Product tanker earnings appear to have bottomed out after sharp declines in 2023 as the sector prepares for a “gradual recovery” following the European Union’s seaborne import ban of Russian refined oils.

Shipbroker Clarksons said MR tankers were up by 50% from a week earlier to $31,600 a day after falling to a 12-month low in the run-up to the embargo.

“While it is too early to determine the impact of the Russian embargo, product tanker earnings are increasing,” it said in its daily report.

“We don’t expect a sudden shift from the embargo, but rather a gradual recovery as Europe consumes the stockpiles built up over the last two months.”

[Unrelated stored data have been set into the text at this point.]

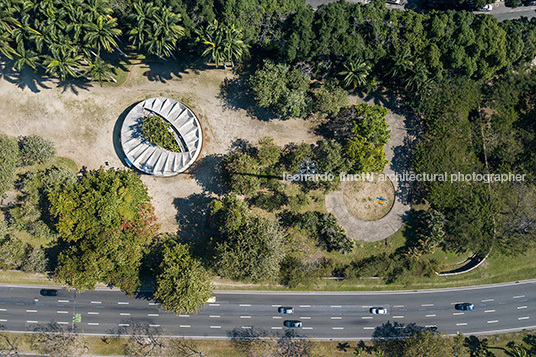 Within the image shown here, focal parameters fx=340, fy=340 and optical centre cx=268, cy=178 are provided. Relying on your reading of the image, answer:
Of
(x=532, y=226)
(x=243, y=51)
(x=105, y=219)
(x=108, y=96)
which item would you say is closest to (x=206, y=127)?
(x=243, y=51)

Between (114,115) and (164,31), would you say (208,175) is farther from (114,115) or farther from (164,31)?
(164,31)

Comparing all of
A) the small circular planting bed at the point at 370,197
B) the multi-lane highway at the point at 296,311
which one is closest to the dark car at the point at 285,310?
the multi-lane highway at the point at 296,311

The Baltic Exchange clean tanker index continued to make small gains from year-long lows earlier this month.

The declines at the start of the year followed bumper rates amid frantic activity at the end of 2022 as Europe built up diesel and other stocks before the ban kicked in.

The EU ban on seaborne Russian imports was accompanied by oil price caps set by the G7 and EU nations at $100 a barrel for diesel, kerosene and other premium products and one at $45 for oils that typically sold for less than crude.

Russian oil cargoes can only be carried, insured and financed by European interests if the sale prices fall below those levels.

“At the time of writing the Russian market is a bit unpredictable due to the new EU ban, but it seems that with this new regulation the market will be reassessed on more reasonable levels with more owners willing to do such business,” said Banchero Costa in a daily note.

New York research firm company McQuilling Services has predicted that the Russian sanctions will boost earnings for product tankers, particularly LR tankers that will benefit from the longer voyages to source non-Russian products for Europe.